Since George Floyd’s murder, new ways of policing have been spreading

“I need to know what’s going on,” says a distressed middle-aged woman with light-brown skin and dark curly hair. She is standing in the courtyard of a run-down apartment complex, gesturing towards a flat on the ground floor. The door is locked, the lights are off and the window coverings are drawn. Flies buzz between the covering and the window panes. The woman fears her elderly friend is dead inside.

Three civilians in grey-uniform t-shirts and jeans have arrived. Colin, a young former police officer, squats by the window and sniffs. Many first responders are familiar with the distinctive odour of death. A call to management confirms that the friend had died and was taken away two weeks ago. “The leasing office would not even tell me if she still living there or not. They know that she’s not there!” the woman exclaimes. “Why did they do that?” The team comfort her and walk back to their vehicle, with “Albuquerque Community Safety” (acs) on its doors, and drive away.

After George Floyd’s murder, protesters called for police reform. On May 25th, the second anniversary of his death, President Biden signed an executive order aimed at improving accountability for federal law-enforcement agencies. But Congress has yet to pass the George Floyd Justice in Policing Act, a bill aimed at improving police accountability. Protesters also demanded that governments “defund the police”. The slogan is now defunct. Many police departments that lost funding saw their budgets as a share of overall spending rise slightly in 2021. In aggregate, spending on law enforcement rose slightly in 2021.

However, if the silly slogan has gone, the push for reforms has not. Many reformers were hoping for a reallocation of funds and responsibilities. Quietly, some local governments have been doing this.

A few have created a unit separate from the police and fire departments. In New Mexico, Albuquerque’s government set up acs as a third branch of public safety, devoted to behavioural troubles. Its teams vary, some have a police officer and others not. They respond to emergency calls involving issues ranging from mental health to substance use and homelessness.

One hour’s drive away, Santa Fe launched an alternative response unit (aru) within its fire department last May. Rather than being completely separate from the police, a group of responders (a case manager, paramedic and sometimes a police officer) answer calls related to mental health together. Sometimes they take people to the safety of shelters or crisis-intervention centres. The case manager will follow up with some people to help them with the services they need. This can involve anything from getting government identification to placement in a rehabilitation facility.

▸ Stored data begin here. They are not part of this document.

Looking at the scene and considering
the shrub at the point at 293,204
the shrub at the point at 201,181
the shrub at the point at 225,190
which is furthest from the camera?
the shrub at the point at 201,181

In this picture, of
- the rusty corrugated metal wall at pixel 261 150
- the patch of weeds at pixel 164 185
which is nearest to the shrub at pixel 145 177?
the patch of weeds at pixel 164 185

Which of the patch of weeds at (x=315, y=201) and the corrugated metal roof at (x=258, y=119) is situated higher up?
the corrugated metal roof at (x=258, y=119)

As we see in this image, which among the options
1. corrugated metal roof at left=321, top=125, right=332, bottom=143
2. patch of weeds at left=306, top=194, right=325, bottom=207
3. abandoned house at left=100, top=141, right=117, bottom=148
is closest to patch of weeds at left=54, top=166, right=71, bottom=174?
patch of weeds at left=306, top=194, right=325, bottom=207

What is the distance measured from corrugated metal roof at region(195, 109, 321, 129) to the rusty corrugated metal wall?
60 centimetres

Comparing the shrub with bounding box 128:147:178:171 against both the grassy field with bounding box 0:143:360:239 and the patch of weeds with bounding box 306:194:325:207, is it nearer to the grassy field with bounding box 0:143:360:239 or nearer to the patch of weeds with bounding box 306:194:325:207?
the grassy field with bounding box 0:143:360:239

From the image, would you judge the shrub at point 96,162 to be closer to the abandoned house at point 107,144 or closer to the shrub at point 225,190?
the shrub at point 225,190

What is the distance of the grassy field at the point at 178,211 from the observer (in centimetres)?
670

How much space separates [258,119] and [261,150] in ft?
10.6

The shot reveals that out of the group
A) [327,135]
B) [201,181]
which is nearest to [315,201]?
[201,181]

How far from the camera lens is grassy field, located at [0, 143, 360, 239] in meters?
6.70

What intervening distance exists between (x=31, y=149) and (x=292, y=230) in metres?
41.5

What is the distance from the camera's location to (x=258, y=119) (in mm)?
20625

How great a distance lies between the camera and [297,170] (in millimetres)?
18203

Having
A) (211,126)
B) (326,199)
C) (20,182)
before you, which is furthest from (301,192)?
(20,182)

These units provide welcome relief for police. Most police calls do not involve a crime. The situation described above at the apartment complex is known as a welfare check, and it is one example of a non-criminal call typically endured by a police officer. A New York Times analysis of three areas (Montgomery County in Maryland, New Orleans and Sacramento) found that one-third or more of police time is spent on these types of calls. About 13-19% of time went on traffic. Only 19-31% was devoted to property or other low-level crime—such as drug use and disorderly conduct—and just 4% to violent crime.

Softly, softly—and safely

That police have wide-ranging responsibilities beyond crime is not a problem in itself. But many departments are overstretched. Recruitment and retention have been poor for years, well before demands to “defund the police” began. Officers are overworked. An investigation in 2019 by Boston 25 News, a television channel in that city, found that many officers in the area worked 40-50 hours of overtime a week, in some cases tripling their base pay. The police department in Albuquerque is short of 400 out of 1,400 officers; in Santa Fe 34 of 169 positions are currently vacant.

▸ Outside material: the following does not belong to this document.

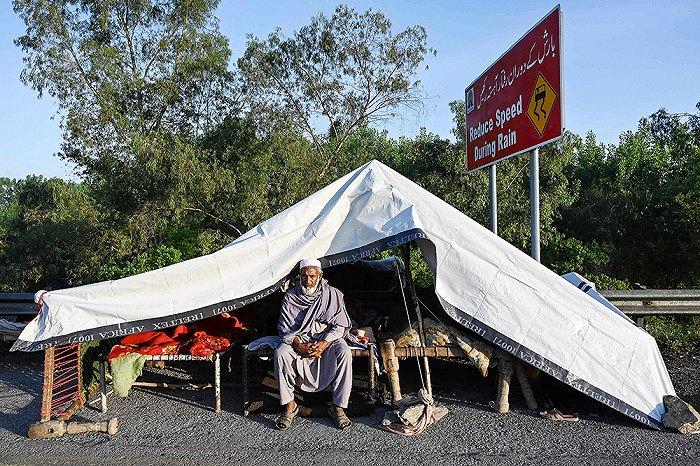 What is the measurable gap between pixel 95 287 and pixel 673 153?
55.8 ft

“On a normal ‘man-down’ call, when the aru is not working, it’s two police cars, a fire truck and an ambulance—seven people,” says a Santa Fe fire chief, Andres Mercado. This is a waste of resources for a person who is on the ground due to intoxication or illness, he explains. He plans to expand the aru, which currently operates only on weekdays from 8am until 6pm.

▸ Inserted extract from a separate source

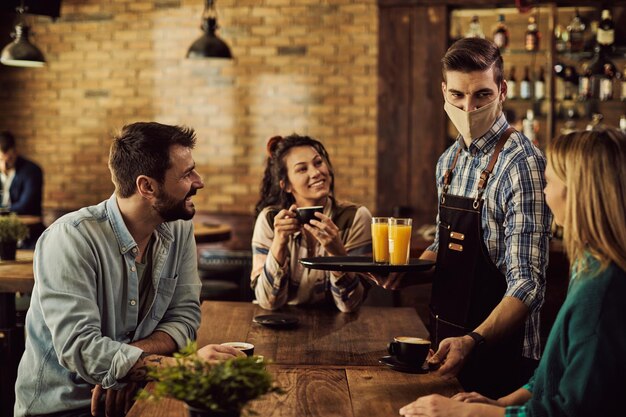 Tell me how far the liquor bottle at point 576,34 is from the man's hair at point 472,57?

Albuquerque’s police department has also got some relief thanks to the acs. “It’s working very well for us as police because we chronically have calls…it never stops,” says Matt Dietzel, a lieutenant in the police department. If acs responds, then a police officer does not need to go. And it seems to be easier to recruit people for these roles.

Reformers argue that having unarmed personnel arrive to calls could help reduce violence. Among rich countries, America has the highest annual rate of civilians killed by police (34 per 10m people, more than triple the rates in Canada and Australia). Black Americans are over three times as likely as white people to be killed. Reducing interactions with armed officers could be part of the solution, the thinking goes. “They’re not showing up guns drawn,” says Daniel Lawrence of cna, a think-tank. “They’re coming in a way that’s meant to show you, hey, we’re not here to arrest you. We’re trying to help you.”

More time is needed to know which type of programme is the most effective and how much police intervention is still required. These experiments also require more money, not less, to get started, which may inhibit their spread. Other areas trying similar things include Eugene, Oregon (a pioneer) and Chicago, as well as Charlotte-Mecklenburg in North Carolina and Phoenix, Arizona. In New Mexico, the innovative approaches look promising.